All too often corporate social responsibility has, over the years, meant occasional grants and handouts to people in need, with little regard to achieving sustainable development in the long run.
Things are changing. As governments struggle with tight budgets, and business leaders discover the dangers of operating in volatile regions of the world where residents lack security, food and other basic necessities, new partnerships are forming that have the potential to transform and lift communities out of poverty.
In the oil-rich Niger Delta, Chevron is pursuing a business-led approach to development that goes way beyond traditional corporate philanthropy. The idea is to find market-driven solutions to local problems by working closely with a diverse set of stakeholders — local, national and international partners from the public, private and civil society realms — to build trust and create a peaceful environment that provides opportunities to flourish for businesses and residents alike.
Dennis Flemming, the project director of the Niger Delta Partnership Initiative, calls it corporate social enterprise.
“The initiative is heavily focused on the creation of wealth and jobs, taking an approach that suits a corporate social investor like us in such a way that we can build upon our strengths as a company,” he told Devex. “The networks have a very broad range of partners all working to stimulate economic growth and development, reduce conflict and build local capacity.”
NDPI was set up in 2010 as a U.S. foundation to support the work of Partnership Initiatives in the Niger Delta, a sister foundation registered in Nigeria. PIND designs and monitors programs that build on existing structures to build capacity, strengthen the local economy and improve development opportunities in ways that go beyond the oil and gas industry. With partners like DAI, the foundation is exploring ways to improve the value chains for cassava, oil palm and aquaculture – and in the process, connecting smallholders to markets in ways that go beyond the oil and gas industry.
Other partners include the U.S. Agency for International Development and GIZ, the German aid implementer. USAID signed a memorandum of understanding in 2010 with NDPI with a four-year pledge of $25 million. The foundation has already received a total of $50 million in project funding commitments from other donor partners, adding to Chevron’s inaugural commitment for a total of $100 million in new development project funding for the Niger Delta.

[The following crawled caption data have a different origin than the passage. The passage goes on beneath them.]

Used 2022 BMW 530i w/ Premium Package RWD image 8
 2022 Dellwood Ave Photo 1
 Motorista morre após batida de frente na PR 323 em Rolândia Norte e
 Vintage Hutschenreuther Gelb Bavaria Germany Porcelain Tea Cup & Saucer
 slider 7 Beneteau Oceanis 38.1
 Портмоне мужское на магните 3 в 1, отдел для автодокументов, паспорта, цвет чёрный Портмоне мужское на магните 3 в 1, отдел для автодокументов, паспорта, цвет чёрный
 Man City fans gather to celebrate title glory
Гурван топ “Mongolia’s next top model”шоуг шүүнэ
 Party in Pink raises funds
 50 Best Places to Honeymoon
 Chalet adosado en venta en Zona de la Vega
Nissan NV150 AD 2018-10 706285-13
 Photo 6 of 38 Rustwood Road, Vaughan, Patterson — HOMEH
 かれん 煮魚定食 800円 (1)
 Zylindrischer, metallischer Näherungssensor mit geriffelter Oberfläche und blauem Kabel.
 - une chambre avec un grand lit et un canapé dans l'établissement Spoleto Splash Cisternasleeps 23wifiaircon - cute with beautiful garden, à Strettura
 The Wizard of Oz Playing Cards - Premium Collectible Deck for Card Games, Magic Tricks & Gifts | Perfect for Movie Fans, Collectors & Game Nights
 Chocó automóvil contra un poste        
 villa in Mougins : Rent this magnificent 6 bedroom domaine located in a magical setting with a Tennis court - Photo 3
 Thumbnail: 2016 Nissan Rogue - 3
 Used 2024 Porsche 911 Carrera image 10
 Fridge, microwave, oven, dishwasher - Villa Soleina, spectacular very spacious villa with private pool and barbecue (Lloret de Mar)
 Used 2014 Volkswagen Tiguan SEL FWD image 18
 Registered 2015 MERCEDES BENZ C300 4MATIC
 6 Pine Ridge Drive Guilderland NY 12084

The seeds for this initiative were sown a few years earlier, in 2003, when violent ethnic conflict erupted in the region. As a result, Chevron shut down production and evacuated its facilities. The company then turned to the Red Cross to shelter more than 2,000 displaced people, and chartered planes to fly out some of its staff.
“It was a low point, but also an opportunity to innovate,” said Deji Haastrup, Chevron Nigeria’s general manager of policy, government and public affairs, at an event in Washington last November.
Over the next year and a half, corporate leaders examined what they could do differently. What they came up with, Haastrup suggested, is a new approach to community engagement, a platform for communities to contribute effectively to their own development.
“We had spent much of the 1970s and ’80s doing things for communities by stepping in where government was absent. We realized that was not the best model. We have to do things with community. We have to work with other people,” Haastrup said. “Change will happen, no matter what you do about it. We understand that we’re in this together with the community. We want to know what the community struggles with and be part of the solution.”
In that spirit, PIND is led mostly by local staff. The foundation’s board members come from a variety of backgrounds and outnumber the Chevron directors.
Chevron, in turn, serves as a catalyst to draw in additional funds from local and international partners, according to Flemming. Projects tend to be led by local partners, while international organizations help monitor and evaluate success.
One conclusion has been that there are no easy answers to complex development challenges facing the Niger Delta. As a result, Flemming said, the foundation has spent more time and money on data collection and analysis than originally expected.
“We want to avoid jumping to assumptions and starting something that we find out later isn’t working,” he said.
Chevron’s goal is to position the Niger Delta platform as a model for cross-sector collaboration and a catalyst for sustainable development in the region.
The way the foundation and its programs are structured may be specific to the Niger Delta, but the overall idea of a business-led approach to a sustainable cross-sector partnership can easily be transferred to other regions and sectors. Indeed, Flemming said he regularly answers calls from U.S. corporate leaders interested in learning how they may apply a similar model to their business.
Chevron is looking at transferring its experience in the Niger Delta elsewhere, too.
“We’re looking at different models and other locations where we think they could be applied,” Flemming said. “But this work is still in the early days.”
Meanwhile, Niger Delta partners are getting ready to launch an online platform that will connect business and other investors with civil society.
“One of the big challenges that donor agencies and others have is there’s no easy reference information of who’s doing what in the area,” said Flemming. “This platform is going to make sure that everyone is on the same page and knows how to collaborate and coordinate development in the Niger Delta.”
It is yet another idea that could be transferred to other parts of the world as Chevron and other stakeholders find new ways to leverage corporate social enterprise to advance sustainable development.